**THE TASK**. The answer must be an exact reproduction of the lines from the start of the records below through the line containing "Nike - W np", and nothing more.

**MATERIAL PROVIDED**.
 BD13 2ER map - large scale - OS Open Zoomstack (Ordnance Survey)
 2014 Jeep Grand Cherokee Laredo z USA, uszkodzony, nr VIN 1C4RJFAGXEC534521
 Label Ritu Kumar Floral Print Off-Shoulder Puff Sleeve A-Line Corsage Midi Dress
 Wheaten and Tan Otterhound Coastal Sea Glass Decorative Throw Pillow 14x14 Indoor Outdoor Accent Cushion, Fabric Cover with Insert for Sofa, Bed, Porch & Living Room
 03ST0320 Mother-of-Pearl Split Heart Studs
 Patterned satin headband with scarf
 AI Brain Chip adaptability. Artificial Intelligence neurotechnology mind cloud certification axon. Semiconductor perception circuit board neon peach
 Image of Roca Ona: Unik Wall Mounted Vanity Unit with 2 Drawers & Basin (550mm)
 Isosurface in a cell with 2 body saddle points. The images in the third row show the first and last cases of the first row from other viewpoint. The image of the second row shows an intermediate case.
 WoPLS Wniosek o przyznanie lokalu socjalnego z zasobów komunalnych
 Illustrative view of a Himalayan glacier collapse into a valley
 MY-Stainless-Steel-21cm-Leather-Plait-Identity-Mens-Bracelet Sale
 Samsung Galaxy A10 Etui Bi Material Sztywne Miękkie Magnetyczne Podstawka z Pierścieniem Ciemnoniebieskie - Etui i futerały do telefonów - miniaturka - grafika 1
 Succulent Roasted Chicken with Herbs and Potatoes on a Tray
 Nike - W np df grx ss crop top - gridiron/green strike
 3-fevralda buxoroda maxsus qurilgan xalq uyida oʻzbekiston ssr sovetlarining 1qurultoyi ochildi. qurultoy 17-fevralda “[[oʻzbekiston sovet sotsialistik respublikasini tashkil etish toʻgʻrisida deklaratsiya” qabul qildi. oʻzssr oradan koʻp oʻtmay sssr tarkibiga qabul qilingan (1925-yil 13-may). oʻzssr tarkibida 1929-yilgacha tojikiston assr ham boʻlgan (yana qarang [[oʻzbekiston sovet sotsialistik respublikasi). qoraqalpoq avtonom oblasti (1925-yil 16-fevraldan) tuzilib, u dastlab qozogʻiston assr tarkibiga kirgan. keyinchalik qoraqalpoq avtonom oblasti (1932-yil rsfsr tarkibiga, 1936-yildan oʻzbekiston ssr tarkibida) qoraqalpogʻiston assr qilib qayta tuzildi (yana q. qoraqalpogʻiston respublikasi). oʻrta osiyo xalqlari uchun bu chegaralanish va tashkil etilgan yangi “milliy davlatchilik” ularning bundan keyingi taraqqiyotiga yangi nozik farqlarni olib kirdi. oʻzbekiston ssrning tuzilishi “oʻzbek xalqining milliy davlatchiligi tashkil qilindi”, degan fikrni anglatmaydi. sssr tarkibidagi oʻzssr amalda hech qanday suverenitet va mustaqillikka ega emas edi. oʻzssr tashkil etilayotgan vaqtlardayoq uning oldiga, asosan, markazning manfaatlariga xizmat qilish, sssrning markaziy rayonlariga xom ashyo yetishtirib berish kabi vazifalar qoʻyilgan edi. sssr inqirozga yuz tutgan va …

**TASK ANSWER**.
 BD13 2ER map - large scale - OS Open Zoomstack (Ordnance Survey)
 2014 Jeep Grand Cherokee Laredo z USA, uszkodzony, nr VIN 1C4RJFAGXEC534521
 Label Ritu Kumar Floral Print Off-Shoulder Puff Sleeve A-Line Corsage Midi Dress
 Wheaten and Tan Otterhound Coastal Sea Glass Decorative Throw Pillow 14x14 Indoor Outdoor Accent Cushion, Fabric Cover with Insert for Sofa, Bed, Porch & Living Room
 03ST0320 Mother-of-Pearl Split Heart Studs
 Patterned satin headband with scarf
 AI Brain Chip adaptability. Artificial Intelligence neurotechnology mind cloud certification axon. Semiconductor perception circuit board neon peach
 Image of Roca Ona: Unik Wall Mounted Vanity Unit with 2 Drawers & Basin (550mm)
 Isosurface in a cell with 2 body saddle points. The images in the third row show the first and last cases of the first row from other viewpoint. The image of the second row shows an intermediate case.
 WoPLS Wniosek o przyznanie lokalu socjalnego z zasobów komunalnych
 Illustrative view of a Himalayan glacier collapse into a valley
 MY-Stainless-Steel-21cm-Leather-Plait-Identity-Mens-Bracelet Sale
 Samsung Galaxy A10 Etui Bi Material Sztywne Miękkie Magnetyczne Podstawka z Pierścieniem Ciemnoniebieskie - Etui i futerały do telefonów - miniaturka - grafika 1
 Succulent Roasted Chicken with Herbs and Potatoes on a Tray
 Nike - W np df grx ss crop top - gridiron/green strike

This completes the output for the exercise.